What the task requires – Go through the records and filter out every line lacking the word "Chapter"; copy the lines that remain.

Items from a data source
※

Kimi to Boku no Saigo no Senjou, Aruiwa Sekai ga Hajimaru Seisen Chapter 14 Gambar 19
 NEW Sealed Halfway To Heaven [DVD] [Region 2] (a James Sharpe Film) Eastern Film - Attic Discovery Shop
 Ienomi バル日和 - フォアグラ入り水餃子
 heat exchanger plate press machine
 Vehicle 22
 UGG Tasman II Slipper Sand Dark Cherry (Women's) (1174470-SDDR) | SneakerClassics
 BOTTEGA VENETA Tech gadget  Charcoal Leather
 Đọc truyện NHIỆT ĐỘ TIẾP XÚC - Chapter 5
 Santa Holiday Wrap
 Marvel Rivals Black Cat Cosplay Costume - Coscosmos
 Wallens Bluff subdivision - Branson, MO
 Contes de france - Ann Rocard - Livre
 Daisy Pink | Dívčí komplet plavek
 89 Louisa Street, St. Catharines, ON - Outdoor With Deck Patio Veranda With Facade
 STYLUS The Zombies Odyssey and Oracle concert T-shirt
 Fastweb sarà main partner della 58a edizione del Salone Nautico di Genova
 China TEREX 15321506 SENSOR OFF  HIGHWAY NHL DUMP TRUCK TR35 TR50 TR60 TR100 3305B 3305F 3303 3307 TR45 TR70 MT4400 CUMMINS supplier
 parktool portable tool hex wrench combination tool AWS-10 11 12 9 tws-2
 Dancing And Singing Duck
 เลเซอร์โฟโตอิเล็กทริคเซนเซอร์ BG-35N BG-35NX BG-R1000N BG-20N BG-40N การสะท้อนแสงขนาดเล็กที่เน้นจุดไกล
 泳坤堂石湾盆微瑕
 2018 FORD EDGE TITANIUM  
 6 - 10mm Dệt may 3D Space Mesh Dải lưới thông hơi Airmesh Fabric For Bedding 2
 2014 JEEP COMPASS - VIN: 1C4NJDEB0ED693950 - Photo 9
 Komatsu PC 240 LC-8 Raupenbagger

※

Answer –
Kimi to Boku no Saigo no Senjou, Aruiwa Sekai ga Hajimaru Seisen Chapter 14 Gambar 19
 Đọc truyện NHIỆT ĐỘ TIẾP XÚC - Chapter 5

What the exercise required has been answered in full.